Assignment
Each record must be retyped word for word.

Data provided
_ _ _ _
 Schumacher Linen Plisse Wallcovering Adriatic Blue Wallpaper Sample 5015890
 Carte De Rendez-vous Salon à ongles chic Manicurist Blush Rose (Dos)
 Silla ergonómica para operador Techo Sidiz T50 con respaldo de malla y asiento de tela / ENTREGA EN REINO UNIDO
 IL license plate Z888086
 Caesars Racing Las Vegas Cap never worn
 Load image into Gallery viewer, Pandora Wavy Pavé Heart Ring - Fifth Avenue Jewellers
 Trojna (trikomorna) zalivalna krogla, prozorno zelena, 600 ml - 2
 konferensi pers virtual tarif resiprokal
_ _ _ _
Task solution
 Schumacher Linen Plisse Wallcovering Adriatic Blue Wallpaper Sample 5015890
 Carte De Rendez-vous Salon à ongles chic Manicurist Blush Rose (Dos)
 Silla ergonómica para operador Techo Sidiz T50 con respaldo de malla y asiento de tela / ENTREGA EN REINO UNIDO
 IL license plate Z888086
 Caesars Racing Las Vegas Cap never worn
 Load image into Gallery viewer, Pandora Wavy Pavé Heart Ring - Fifth Avenue Jewellers
 Trojna (trikomorna) zalivalna krogla, prozorno zelena, 600 ml - 2
 konferensi pers virtual tarif resiprokal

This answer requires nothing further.